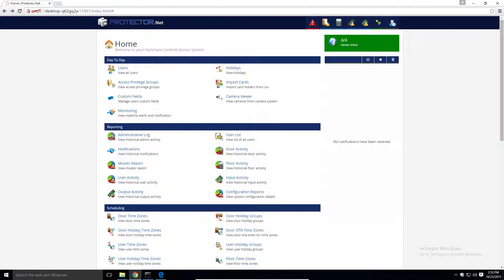Access privilege groups are sets of rules that decide which doors or elevator floors a user is allowed access to when they present a credential, along with when they can access these doors or floors. It's generally recommended you create these after you've added all your doors and elevators but before you add any users.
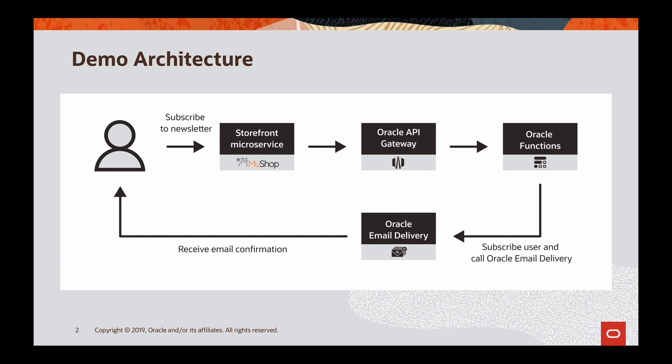As we see in the diagram, for the API Gateway, the storefront is the front-end app and Oracle Functions is the back-end service.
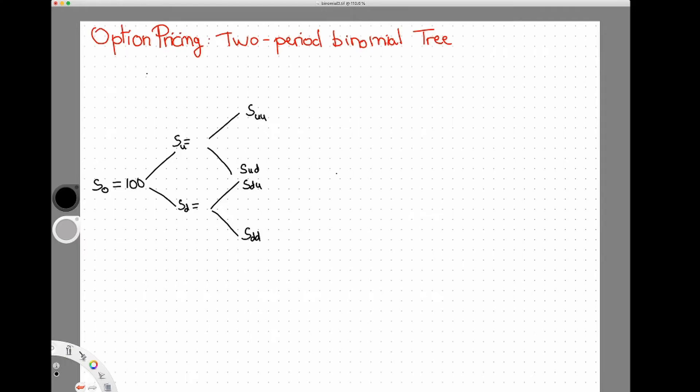Welcome to this session on option pricing. Today we are going to see how to price a call option using a two-period binomial tree. You can look at a previous video to see how to price a one-period binomial tree. I'm going to use the risk-neutral pricing method, which is very useful when you have more than one period, so I recommend you brush up on that first.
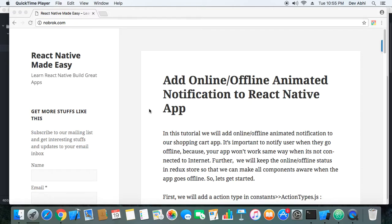This notification feature we are going to add to our shopping cart app will notify in an animated way, so there will be an animation effect. I have seen this feature on the Fiverr app — it won't be exactly the same, but it will be similar.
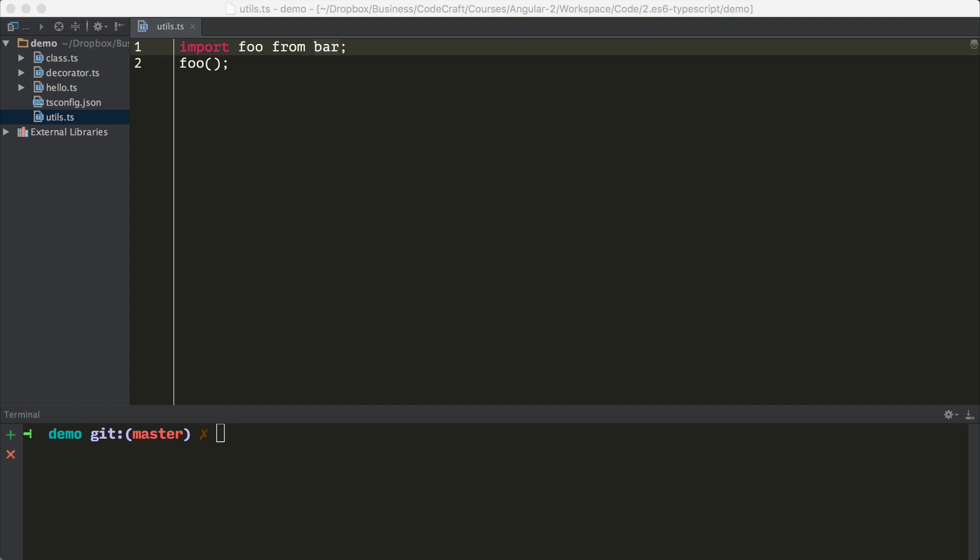Other languages have a module loading system. For example, in Python, if you wanted to use some code from another file, you would type something like what you see on the screen right now: import foo from bar.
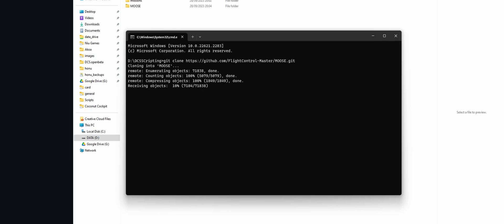And as you can see, it's now grabbing the entire Moose repository and downloading it to this folder. In the next part, we're going to set up PyCharm and do some testing in DCS. Thanks for watching and I'll see you in the next video.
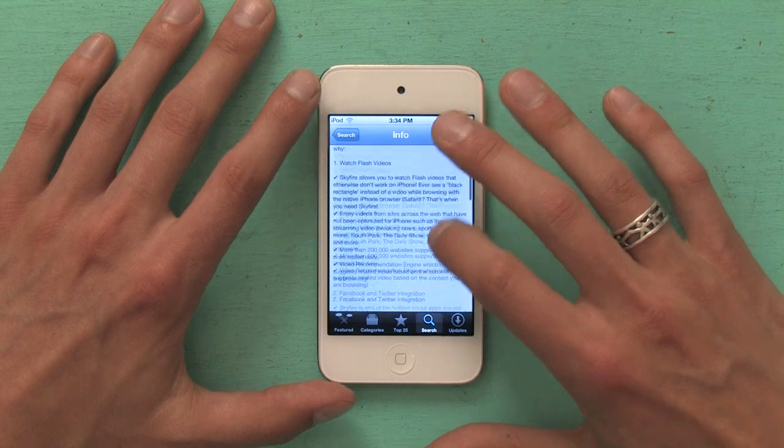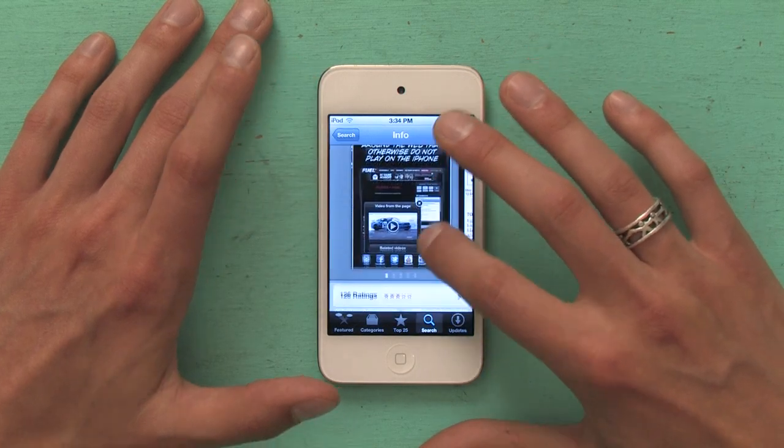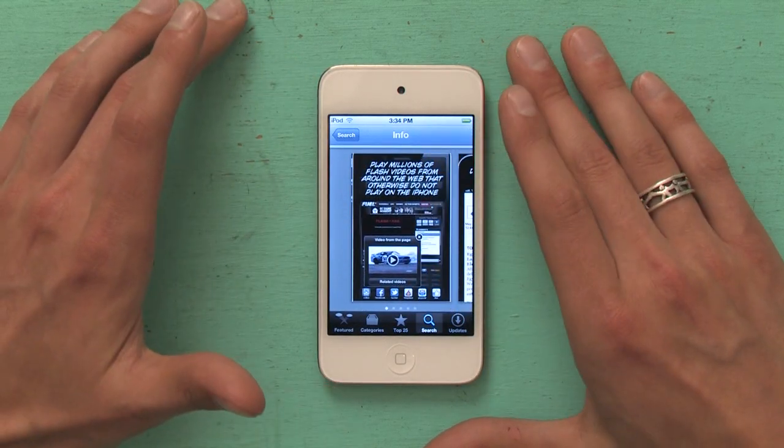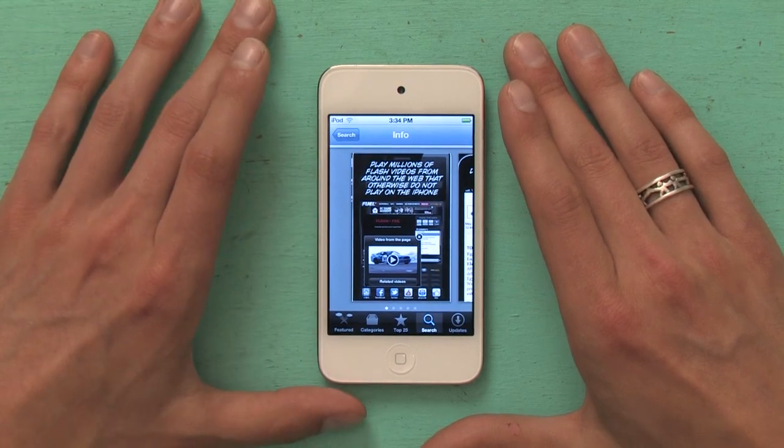There's an application called Skyfire — it's actually a browser — that will allow you to play those videos. If you search for it in the App Store, you'll find it pretty quickly. It's a very highly rated app; it only shows three stars though because a lot of people download it expecting to be able to use Flash-based interfaces, which is not what it does at all. So if you want to be able to watch videos, and there are a lot of sites out there that use Flash-based video, I'd spend the $2.99 for Skyfire.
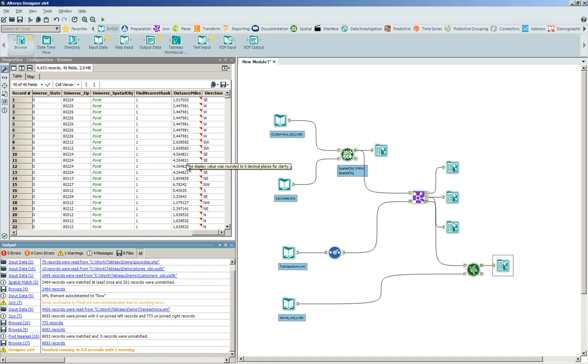This concludes our data blending example leveraging the Alteryx platform. Thank you.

- - - - - - -

Only the lines of the listing above from the one with "This notification feature" through the one with "Other languages have" should be output, exactly, with both ends kept and pictures left out.

This notification feature we are going to add to our shopping cart app will notify in an animated way, so there will be an animation effect. I have seen this feature on the Fiverr app — it won't be exactly the same, but it will be similar.
Other languages have a module loading system. For example, in Python, if you wanted to use some code from another file, you would type something like what you see on the screen right now: import foo from bar.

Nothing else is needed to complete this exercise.